**The problem**
All lines from the one containing "First, always begin" down to the one containing "As a visual", both ends included, are to be given again exactly; omit the rest of the listing below.

**Study material**

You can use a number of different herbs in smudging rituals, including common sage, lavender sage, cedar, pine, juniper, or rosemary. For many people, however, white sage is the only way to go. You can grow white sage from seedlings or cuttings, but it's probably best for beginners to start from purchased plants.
...
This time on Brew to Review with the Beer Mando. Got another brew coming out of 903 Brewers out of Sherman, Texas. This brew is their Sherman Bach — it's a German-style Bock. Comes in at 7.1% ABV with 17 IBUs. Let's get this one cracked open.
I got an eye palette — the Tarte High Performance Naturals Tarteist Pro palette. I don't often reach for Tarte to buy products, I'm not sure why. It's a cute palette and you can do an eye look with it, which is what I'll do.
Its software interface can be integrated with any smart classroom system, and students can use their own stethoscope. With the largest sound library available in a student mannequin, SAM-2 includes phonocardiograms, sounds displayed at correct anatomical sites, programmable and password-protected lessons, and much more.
...
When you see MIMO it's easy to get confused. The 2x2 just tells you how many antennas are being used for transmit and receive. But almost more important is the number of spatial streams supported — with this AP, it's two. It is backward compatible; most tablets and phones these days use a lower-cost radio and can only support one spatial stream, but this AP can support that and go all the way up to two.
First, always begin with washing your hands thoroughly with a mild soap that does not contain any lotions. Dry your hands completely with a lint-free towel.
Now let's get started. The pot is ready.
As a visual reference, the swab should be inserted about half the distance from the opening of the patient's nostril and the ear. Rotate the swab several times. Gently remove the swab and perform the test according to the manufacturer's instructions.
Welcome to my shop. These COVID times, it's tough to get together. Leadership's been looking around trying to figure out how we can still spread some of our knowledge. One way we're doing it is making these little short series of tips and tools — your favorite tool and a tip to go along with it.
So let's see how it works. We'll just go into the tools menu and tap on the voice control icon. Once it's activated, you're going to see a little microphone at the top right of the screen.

**Answer section**
First, always begin with washing your hands thoroughly with a mild soap that does not contain any lotions. Dry your hands completely with a lint-free towel.
Now let's get started. The pot is ready.
As a visual reference, the swab should be inserted about half the distance from the opening of the patient's nostril and the ear. Rotate the swab several times. Gently remove the swab and perform the test according to the manufacturer's instructions.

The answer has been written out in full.